Randomized controlled trials are commonly regarded as the gold standard for causal inference and play a pivotal role in modern evidence-based medicine. However, the sample sizes they use are often too limited to draw significant causal conclusions for subgroups that are less prevalent in the population. In contrast, observational data are becoming increasingly accessible in large volumes but can be subject to bias as a result of hidden confounding.

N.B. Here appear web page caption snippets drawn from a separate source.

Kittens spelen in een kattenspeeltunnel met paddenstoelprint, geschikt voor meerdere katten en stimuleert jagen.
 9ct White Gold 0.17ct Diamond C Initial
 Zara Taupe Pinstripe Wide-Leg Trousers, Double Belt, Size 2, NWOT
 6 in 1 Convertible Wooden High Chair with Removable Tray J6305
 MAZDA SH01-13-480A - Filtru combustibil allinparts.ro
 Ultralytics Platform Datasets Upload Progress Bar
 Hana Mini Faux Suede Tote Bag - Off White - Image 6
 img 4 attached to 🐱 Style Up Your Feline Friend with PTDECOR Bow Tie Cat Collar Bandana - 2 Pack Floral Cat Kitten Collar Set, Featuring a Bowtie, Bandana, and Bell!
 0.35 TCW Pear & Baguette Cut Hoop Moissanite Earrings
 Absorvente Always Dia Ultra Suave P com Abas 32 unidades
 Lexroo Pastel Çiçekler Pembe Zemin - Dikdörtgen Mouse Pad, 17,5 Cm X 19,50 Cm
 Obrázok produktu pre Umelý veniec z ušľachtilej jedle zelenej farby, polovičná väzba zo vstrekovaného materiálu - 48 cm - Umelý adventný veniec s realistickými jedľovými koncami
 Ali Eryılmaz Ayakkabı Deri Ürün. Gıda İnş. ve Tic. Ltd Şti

Given these complementary features, we propose a power likelihood approach to augmenting RCTs with observational data for robust estimation of heterogeneous treatment effects. We provide a data-adaptive procedure for maximizing the Expected Log Predictive Density (ELPD) to select the influence factor that best regulates the information from the observational data. We conduct a simulation study to illustrate the efficacy of our method and its favourable features compared to existing approaches. Lastly, we apply the proposed method to data from Tennessee's Student Teacher Achievement Ratio (STAR) Study to demonstrate its usefulness and practicality in real-world data analysis.
翻译:多数据:通过功率似然结合实验和观测数据
Translated abstract:
随机对照试验通常被认为是因果推断的黄金标准,在现代循证医学中发挥着关键作用。然而,它们使用的样本大小往往太小,不能为在人群中不太普遍的亚组绘制显着的因果结论。相比之下,观察数据正在以越来越大的体积变得越来越易于获取,但由于存在隐藏的混淆而可能存在偏差。鉴于这些补充的特性,我们提出了一种功率似然方法,通过增加观测数据来补充实验数据,以稳健地估计异质性治疗效应。我们提供了一种数据自适应过程,通过最大化期望对数预测密度(ELPD)来选择最佳调节影响因素,以控制来自观测数据的信息。我们进行模拟研究以说明我们的方法及其与现有方法相比的优点。最后,我们将所提出的方法应用于来自田纳西州学生教师成就比率(STAR)研究的数据,以证明其在实际数据分析中的实用性和实用性。